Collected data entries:
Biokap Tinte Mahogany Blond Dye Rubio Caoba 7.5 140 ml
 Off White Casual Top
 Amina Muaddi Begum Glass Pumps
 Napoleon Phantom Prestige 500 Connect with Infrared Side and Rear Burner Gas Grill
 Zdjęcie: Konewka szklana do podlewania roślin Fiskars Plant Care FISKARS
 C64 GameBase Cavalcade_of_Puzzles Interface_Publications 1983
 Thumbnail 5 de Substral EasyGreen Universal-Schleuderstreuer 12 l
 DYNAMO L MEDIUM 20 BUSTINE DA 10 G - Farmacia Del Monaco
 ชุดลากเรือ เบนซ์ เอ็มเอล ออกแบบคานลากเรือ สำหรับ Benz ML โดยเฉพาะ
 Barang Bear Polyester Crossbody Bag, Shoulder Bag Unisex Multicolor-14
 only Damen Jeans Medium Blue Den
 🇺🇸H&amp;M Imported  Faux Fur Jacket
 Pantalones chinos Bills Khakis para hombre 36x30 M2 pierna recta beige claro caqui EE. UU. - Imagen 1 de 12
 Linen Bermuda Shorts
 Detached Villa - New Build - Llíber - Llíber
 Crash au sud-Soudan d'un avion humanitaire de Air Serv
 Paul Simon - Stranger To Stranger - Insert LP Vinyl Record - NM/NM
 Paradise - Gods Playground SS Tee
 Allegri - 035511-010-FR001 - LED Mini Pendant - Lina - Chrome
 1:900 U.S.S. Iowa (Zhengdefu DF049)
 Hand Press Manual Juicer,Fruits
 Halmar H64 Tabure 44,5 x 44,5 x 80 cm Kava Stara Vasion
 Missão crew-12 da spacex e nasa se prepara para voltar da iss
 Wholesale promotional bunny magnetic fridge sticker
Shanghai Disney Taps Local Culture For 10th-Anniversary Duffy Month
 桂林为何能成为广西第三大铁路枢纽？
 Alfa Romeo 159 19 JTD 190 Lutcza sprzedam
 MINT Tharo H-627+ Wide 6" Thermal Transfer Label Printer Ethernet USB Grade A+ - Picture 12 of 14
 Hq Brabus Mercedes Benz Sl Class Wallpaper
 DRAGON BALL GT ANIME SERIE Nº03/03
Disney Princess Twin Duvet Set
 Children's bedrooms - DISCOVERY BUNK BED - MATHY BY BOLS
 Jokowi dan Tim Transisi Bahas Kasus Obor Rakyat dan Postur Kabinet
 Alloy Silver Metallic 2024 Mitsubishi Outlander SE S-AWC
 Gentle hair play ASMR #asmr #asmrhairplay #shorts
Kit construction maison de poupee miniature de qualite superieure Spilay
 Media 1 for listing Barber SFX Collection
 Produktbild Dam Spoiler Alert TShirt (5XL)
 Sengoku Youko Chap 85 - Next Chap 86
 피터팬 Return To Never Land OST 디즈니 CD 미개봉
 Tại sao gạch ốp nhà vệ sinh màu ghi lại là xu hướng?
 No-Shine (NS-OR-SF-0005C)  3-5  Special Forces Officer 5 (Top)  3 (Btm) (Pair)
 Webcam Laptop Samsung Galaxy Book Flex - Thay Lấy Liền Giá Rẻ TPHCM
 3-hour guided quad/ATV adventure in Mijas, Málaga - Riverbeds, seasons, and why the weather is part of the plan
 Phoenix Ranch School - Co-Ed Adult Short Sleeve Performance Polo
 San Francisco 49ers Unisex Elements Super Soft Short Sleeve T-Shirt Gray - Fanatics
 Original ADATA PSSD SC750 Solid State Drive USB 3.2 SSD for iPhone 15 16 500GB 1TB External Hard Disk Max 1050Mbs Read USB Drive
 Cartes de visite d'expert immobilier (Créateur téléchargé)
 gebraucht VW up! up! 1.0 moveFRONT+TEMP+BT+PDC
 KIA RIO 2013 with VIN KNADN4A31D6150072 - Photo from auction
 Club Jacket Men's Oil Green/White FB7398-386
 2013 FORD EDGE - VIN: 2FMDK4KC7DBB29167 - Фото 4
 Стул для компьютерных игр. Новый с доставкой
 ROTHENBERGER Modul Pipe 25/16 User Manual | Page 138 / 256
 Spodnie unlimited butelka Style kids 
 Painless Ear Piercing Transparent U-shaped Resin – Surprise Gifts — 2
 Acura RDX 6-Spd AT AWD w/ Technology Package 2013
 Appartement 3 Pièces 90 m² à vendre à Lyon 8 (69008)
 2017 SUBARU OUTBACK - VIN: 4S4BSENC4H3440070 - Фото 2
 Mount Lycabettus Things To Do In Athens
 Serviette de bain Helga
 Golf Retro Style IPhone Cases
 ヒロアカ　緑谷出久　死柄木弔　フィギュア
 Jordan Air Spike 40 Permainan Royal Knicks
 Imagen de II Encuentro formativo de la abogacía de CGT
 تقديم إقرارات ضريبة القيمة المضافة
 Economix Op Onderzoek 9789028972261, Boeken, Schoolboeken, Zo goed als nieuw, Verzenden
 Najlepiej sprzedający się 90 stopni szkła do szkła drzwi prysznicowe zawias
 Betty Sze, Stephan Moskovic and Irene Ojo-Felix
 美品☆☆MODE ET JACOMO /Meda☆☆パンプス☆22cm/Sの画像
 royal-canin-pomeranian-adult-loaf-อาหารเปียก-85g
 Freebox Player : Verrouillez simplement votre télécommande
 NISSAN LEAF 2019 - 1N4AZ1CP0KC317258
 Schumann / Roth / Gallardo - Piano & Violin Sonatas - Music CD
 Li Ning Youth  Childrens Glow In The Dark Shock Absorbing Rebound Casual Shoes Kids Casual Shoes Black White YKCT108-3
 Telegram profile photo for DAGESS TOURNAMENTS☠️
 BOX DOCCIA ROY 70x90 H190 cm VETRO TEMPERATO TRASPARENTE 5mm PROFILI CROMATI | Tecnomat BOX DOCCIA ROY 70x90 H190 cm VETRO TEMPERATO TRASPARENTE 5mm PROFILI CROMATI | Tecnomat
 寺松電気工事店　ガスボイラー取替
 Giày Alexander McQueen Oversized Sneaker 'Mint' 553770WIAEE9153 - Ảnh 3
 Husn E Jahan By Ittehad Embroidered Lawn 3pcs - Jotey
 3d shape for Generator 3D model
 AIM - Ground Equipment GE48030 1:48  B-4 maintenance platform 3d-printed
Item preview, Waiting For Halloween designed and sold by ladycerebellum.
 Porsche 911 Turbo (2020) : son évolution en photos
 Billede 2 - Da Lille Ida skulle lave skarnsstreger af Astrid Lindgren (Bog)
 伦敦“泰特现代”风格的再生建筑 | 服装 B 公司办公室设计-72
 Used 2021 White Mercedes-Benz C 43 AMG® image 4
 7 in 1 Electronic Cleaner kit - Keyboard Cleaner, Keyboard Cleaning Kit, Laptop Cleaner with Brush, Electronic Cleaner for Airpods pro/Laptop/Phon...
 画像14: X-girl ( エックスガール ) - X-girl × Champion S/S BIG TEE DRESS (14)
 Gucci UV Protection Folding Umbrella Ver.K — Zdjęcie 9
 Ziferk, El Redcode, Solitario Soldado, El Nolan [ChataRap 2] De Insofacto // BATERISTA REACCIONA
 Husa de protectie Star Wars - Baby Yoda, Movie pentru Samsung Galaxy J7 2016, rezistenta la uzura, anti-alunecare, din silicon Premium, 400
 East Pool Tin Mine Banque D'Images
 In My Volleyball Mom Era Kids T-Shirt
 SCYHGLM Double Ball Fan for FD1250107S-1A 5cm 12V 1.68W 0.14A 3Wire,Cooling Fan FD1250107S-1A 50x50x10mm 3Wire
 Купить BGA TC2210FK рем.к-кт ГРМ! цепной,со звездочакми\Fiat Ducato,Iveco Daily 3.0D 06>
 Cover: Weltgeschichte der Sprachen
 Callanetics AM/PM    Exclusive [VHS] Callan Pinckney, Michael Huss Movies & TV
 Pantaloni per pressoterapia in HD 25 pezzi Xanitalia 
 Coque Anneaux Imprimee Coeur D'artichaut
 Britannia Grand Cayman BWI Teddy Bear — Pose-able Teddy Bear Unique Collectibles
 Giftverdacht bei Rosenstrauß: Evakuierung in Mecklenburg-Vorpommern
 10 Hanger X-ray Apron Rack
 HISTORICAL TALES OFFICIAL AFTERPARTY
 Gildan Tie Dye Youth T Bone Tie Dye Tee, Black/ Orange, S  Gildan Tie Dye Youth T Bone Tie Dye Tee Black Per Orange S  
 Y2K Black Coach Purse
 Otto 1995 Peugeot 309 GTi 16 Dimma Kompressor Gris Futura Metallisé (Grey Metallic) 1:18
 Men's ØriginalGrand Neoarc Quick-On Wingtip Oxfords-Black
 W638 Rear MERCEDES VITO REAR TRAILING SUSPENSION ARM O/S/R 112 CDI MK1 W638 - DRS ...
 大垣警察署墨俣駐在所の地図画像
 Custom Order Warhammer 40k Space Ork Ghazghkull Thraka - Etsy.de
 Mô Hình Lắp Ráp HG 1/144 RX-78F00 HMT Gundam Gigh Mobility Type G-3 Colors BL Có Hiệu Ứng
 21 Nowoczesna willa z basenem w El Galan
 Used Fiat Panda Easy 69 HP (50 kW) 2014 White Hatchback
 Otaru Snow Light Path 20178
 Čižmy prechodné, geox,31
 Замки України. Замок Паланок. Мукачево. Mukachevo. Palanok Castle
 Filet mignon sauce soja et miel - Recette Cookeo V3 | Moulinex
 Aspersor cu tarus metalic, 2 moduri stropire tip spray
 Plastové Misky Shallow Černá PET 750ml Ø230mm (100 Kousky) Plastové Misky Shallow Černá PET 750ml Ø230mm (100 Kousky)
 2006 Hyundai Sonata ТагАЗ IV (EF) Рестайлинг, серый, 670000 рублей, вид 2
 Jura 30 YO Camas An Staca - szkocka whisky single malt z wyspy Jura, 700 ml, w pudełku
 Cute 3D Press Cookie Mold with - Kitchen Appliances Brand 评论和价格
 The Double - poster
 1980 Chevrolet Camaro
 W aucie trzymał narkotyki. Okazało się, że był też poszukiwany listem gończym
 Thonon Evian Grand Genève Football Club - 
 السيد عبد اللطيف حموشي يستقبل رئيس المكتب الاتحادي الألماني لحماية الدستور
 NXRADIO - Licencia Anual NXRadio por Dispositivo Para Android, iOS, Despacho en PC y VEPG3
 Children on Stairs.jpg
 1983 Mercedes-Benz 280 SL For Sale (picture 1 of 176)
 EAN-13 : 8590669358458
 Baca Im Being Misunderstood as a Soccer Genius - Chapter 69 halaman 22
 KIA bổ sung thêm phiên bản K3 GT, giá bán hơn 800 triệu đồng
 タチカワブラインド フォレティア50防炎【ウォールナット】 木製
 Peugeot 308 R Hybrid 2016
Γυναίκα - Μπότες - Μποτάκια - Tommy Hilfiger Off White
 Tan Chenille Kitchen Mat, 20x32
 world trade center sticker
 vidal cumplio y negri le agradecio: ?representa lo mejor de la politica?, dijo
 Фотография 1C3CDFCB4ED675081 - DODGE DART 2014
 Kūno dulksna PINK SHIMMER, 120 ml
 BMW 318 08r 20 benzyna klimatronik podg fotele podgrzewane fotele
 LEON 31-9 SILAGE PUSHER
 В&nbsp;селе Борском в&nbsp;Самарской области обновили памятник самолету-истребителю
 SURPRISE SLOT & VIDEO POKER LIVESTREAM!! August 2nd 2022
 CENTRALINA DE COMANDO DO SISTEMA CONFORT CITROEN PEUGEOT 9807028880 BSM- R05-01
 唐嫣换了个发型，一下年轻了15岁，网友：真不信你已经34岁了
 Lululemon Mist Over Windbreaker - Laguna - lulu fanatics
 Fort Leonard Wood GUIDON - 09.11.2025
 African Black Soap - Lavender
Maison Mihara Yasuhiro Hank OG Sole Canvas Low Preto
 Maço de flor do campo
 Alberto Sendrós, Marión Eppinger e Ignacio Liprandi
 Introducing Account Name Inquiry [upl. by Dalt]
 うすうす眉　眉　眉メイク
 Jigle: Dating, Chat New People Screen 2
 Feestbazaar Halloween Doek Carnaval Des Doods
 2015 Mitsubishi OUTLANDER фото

• Exercise: Wherever a line in the entries holds "Unisex", copy that line.

• Response to the exercise:
 Barang Bear Polyester Crossbody Bag, Shoulder Bag Unisex Multicolor-14
 San Francisco 49ers Unisex Elements Super Soft Short Sleeve T-Shirt Gray - Fanatics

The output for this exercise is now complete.